Through this process, I learned a lot about system integration, and designing systems to work together and not get in each other's ways. Because all of the subsystems moved around such large assemblies, there were a lot of ways that they could collide with each other, and I spent a lot of time minimizing these overlaps to ensure functionality and allow increased automation.

This robot performed fairly well, taking 2nd place at one of its competitions, and making strong playoff runs at the other two, marking what was at that point the team's most successful season.

This is Webspinner, a robot that I designed in 5 days for a "cadathon" design challenge competition and won with. The challenge was to design a robot for Battery Battle, a mock FRC game, played by intaking foam "voltaic piles" (VPs) then scoring them into pockets in walls. In the last 30 seconds of a match, Battery Battle enters endgame, where you can score extra points by driving up a steep incline and staying there. I was the only robot that was designed to play the game off of two sides of the robot, and ended up winning the cadathon over about 200 other participants, many working in teams.
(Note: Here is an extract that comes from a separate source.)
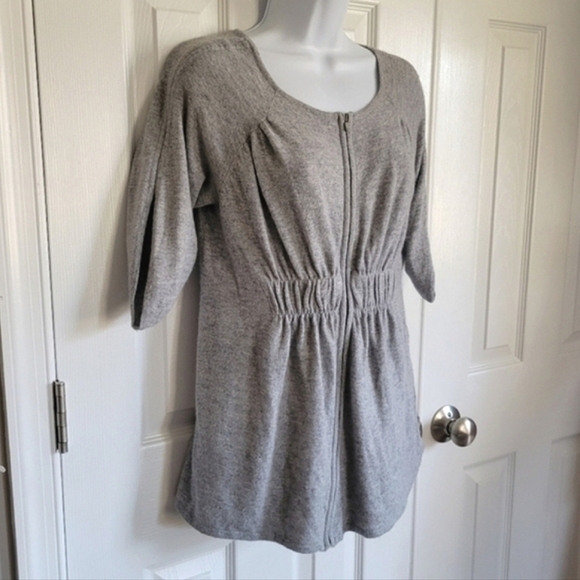 Anthropologie Moth gray zip up cinched waist lightweight sweater small - Picture 13 of 16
Webspinner's main scoring subsystem is a 2 degree of freedom arm mounted on an elevator, allowing it to pluck game pieces from either of its two deployable intakes, orient them in the best way (direction they were placed mattered for scoring), and score in any of the available locations. It also features an endgame subsystem that is actuated by a servo releasing a pair of tension springs, solving a complex problem with a simple mechanism.

While designing Webspinner, I learned a lot more about how to move quickly through design, and to set up CAD to allow for changes to be made later on, minimizing wasted time and distractions. I also gained a lot more appreciation for the value of working with a team, as while this went well for me, it was a lot of work and there are several things on this robot that I would change if I could do it again.

Before the 2023 FRC season started, my team gained a lot of new members, and we realized that we needed a much stronger training process. So, as a part of this, we designed and built an entirely new robot to take to an offseason competition: Grumpig. I led the design process of this robot, and it featured a much more complicated shooter than we had on our original 2022 robot, as well as our first use of pneumatics and our first holonomic drivetrain.

While Grumpig did not end up performing as well as we were hoping for, it worked well in practice and taught the team a lot of valuable skills. We learned more of what we were capable of, and I personally learned a lot more about how to lead a design process before the 2023 season, where we built a much more capable robot that performed significantly better.

This is another robot that I designed for a design challenge "cadathon." It was designed to play Tilt Shift, a mock FRC game designed specifically for the competition, and won it. The main gameplay of Tilt Shift is to intake PVC tetrahedrons, carry them across the field, raise them up several feet, and stack them. In the last 30 seconds, the endgame begins and a secondary goal is to get from the floor to a second platform several feet off the ground. 

For me, Tilt Lift was an exercise in choosing where to put my design effort. Its manipulators were effectively just sticks, as they didn't need to be any more complicated than that to function, allowing me to put more design effort into other areas. For example, Tilt Lift implements a custom differential swerve and elevator, both of which use 2 motors to actuate 2 degrees of freedom, but use both motors for both dofs, increasing performance at the cost of complexity.